Seagate rates the Seagate 600 Pro 200GB at 1.05w at idle and 2.8w at load, which is about what we measured as well. Power consumption when working with 128K data was slightly higher, but only about 0.2w or so, so it’s not a huge difference.
Without any competing enterprise SSDs on our charts it’s difficult to say if the Seagate 600 Pro is more efficient in comparison to competing enterprise SSDs however, an average 2.8w power draw at load should be a whole lot more efficient than typical enterprise hard drives.
[section label=9. Conclusion]
Seagate 600 Pro 200GB Conclusions
While SLC NAND based SSDs are still a dominant force in enterprise SSD deployments, I think it’s become quite clear over the past few years that MLC has a place in the enterprise as well. There are millions of web servers, file servers, database servers out there that are mostly there to deliver content and with MLC becoming more and more capable of SLC-like performance in read operations, there’s really no reason for larger, cloud-centric companies to deploy more expensive SLC products with limited capacities and high pricing.
Performance on the Seagate 600 Pro 200GB is fairly similar to what we saw with the consumer oriented Seagate 600 480GB we reviewed not too long ago. The Seagate 600 Pro 200GB like its consumer oriented cousin is capable of very fast read performance, but suffers a bit when it comes to providing consistent steady state write performance. Luckily, Seagate offers the 600 Pro in both 7% and 28% over-provisioning, so those looking for a higher level of steady state write performance can opt for the models with 28% over-provisioning, while those primarily working with read-only applications can opt for the 7% over-provisoned models that offer capacity in exchange for lower steady state write performance.
In our testing, the Seagate 600 Pro 200GB draws about 1.05w on average at idle and around 2.8w-3w on average at load, which is decent for enterprise grade hardware. It’s definitely going to be lower power and lower heat output than your typical enterprise hard drive, yet will still perform much faster than even the fastest enterprise hard drive out there in most applications. While SSD deployments on a single digit scale probably won’t mean much in terms of power consumption, when we’re talking hundreds of SSDs deployed in a cloud cluster, the power saved through the use of SSDs (vs hard drives) and lowered cooling costs alone could be worth the initial investments into SSD technology. While power consumption figures aren’t too impressive compared to some of the consumer SSDs we’ve tested in the past, it’s an enterprise oriented drive, so it’d be a bit unfair to make a direct comparison there. Hopefully we’ll be seeing more enterprise SSDs down the line to make a better comparison there.

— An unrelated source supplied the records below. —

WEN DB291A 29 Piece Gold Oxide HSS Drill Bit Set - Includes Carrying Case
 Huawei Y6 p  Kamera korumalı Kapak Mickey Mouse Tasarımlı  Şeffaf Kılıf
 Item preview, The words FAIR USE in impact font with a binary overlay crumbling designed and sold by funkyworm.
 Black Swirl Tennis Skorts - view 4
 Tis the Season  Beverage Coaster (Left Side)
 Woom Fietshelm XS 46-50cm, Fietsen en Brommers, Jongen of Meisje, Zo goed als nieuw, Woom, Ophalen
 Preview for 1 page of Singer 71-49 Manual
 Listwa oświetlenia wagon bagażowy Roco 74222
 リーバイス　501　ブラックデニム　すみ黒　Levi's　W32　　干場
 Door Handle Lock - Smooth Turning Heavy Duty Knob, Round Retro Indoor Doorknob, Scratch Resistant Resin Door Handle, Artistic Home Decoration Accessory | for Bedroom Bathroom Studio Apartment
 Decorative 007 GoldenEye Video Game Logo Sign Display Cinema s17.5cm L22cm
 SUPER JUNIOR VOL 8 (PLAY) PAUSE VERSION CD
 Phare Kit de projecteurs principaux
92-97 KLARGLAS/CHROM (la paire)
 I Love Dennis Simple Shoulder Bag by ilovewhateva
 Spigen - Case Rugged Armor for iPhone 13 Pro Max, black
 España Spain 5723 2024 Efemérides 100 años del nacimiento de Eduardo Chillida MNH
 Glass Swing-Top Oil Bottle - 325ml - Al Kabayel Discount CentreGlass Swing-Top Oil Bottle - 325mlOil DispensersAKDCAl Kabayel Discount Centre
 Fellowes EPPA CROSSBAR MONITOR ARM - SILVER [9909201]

|Model||600 Pro||600 Pro||600 Pro||600 Pro||600 Pro||600 Pro|
|Capacity||100 GB||120 GB||200 GB||240 GB||400 GB||480 GB|
|Check Pricing||Click Here||Click Here||Click Here||Click Here||Click Here||Click Here|
From a pricing standpoint, it’s almost immediately clear just how much of a value you’re getting with the 600 Pro. The Seagate 600 Pro can generally be picked up anywhere between $1.19/GB to about $1.69/GB depending on capacity, which is quite good an enterprise SSD. Other options include stuff like Seagate’s own Pulsar.2 which runs at around $6.44/GB, Intel’s DC S3500 which runs at around $1.28/GB, Intel’s DC3700 which runs at around $2.44/GB, and Micron’s P400m which runs at around $2.49/GB. It seems like Intel’s DC S3500 is the only major competitor who’s able to offer similar rated specs for the price.
All in all, the Seagate 600 Pro is a great SSD for those looking to deploy some high performance MLC based SSDs in a read intensive environment. It’s got fantastic read performance, power loss protection features, and a Seagate backed 5 year enterprise usage based warranty all at a pricepoint unmatched by most other enterprise SSDs on the market.